Politiker sind medienerfahren. Sie wissen, dass man erst dann frei spricht, wenn das Mikro weit weg ist; kann ja immer sein, dass es noch an ist. Bei US-Präsident Joe Biden nehmen die Ausrutscher seit einiger Zeit jedoch zu. Mal äußert er sich abwertend über den israelischen Ministerpräsidenten Benjamin Netanjahu, während das Mikro noch läuft. Und nun ließ er wissen, er werde Netanjahu »die Leviten lesen«, während noch jemand zuhörte.
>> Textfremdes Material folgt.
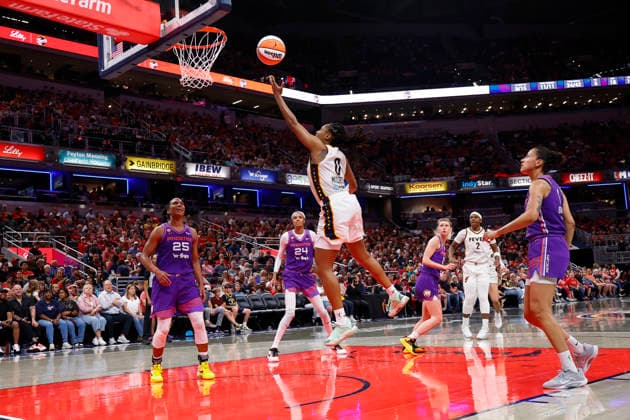 INDIANAPOLIS, IN - JUNE 24: Indiana Fever guard Kelsey Mitchell (0) drives down the lane an goes up with her shot in the second half of play during a WNBA, Basketball Damen, USA game between the Phoenix Mercury and the Indiana Fever on June 24, 2026 at Gainbridge Fieldhouse in Indianapolis, IN. (Photo by Jeffrey Brown Icon Sportswire) WNBA: JUN 24 Phoenix Mercury at Indiana Fever EDITORIAL USE ONLY Icon002626016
Zufall? Sicher ist: Der Druck ist enorm. Auf die israelische Regierung, die nun seit fünf Monaten im Gazastreifen Krieg gegen die Hamas führt, nachdem deren Terroristen am 7. Oktober 2023 mehr als 1200 Menschen in Israel ermordet und mehr als 200 entführt hatten. Aber auch auf westliche Regierungen, in deren Ländern die Proteste zunehmen.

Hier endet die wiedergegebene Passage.